‘’Aydınlanma döneminde Avrupa‘da insan …
Düşünen bir varlık olarak…
Çağını ve şartlarını ileriye taşımak zorundadır…
Fikri hakim imiş.
Bu nedenle insanoğlu…
Evrenin sırlarını çözmeye çalışarak…
Ve çağın en büyük korkusu olan “başarısızlığın’’…
Üstüne giderek…
Yeni “rotalar” çizmek zorunda imiş.
Çağın bir parçası olmak isteyen ‘’bilim” dahil olmak üzere …
Tarihten ders alarak ilerlemek zorunda imiş.
Bundan dolayı…
“Liyakatın” “gerekliliği” değeri ve önemi ile…
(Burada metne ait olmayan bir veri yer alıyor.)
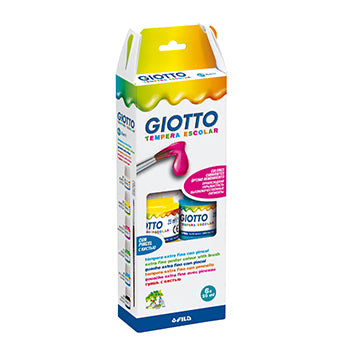 Bluepixel Equipamentos e Serviços Informáticos Lda | Guache Líquido Giotto 25ml x6 + Pincel | Material Escolar Giotto Guaches Infantis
“Kayırmacılığın” yaratabileceği tahribatın ayrımını yapmanın ve uygulamanın…
Nasıl sonuçlar yaratabileceği üzerinde önemle durulmuş.
İlerleyen süreç içerisinde…
“Profesyonel” eğitim-öğretimin…
Ve “uzmanlık” “ustalık” alanlarının kalitesine ağırlık verilmiş.
Zaman içerisinde elde edilen ilerleme ve genişleme…
“Profesyonel” eğitim-öğretimin…
Çağın ilerleyişi ve insan hayatına kattıklarını ve…
Sürekli daha yüksek aşamalara nasıl taşıdığını da…
Aynı zamanda…
Çağın ilerleyişine ayak uydurarak ve gelişimini devam ettirerek göstermiş olmuş.
Günümüz dünyasında da…
Orta yerde… somut bir gerçek olarak duran ve…
İnsanoğlunun görmezden gelemiyeceği kadar önem-değer taşıyan şeyin…
Aydınlanmanın ve gelişimin devamı için …
“Profesyonel” eğitim -öğretimin ve uzmanlık-ustalık alanlarında ki kalitenin değeridir.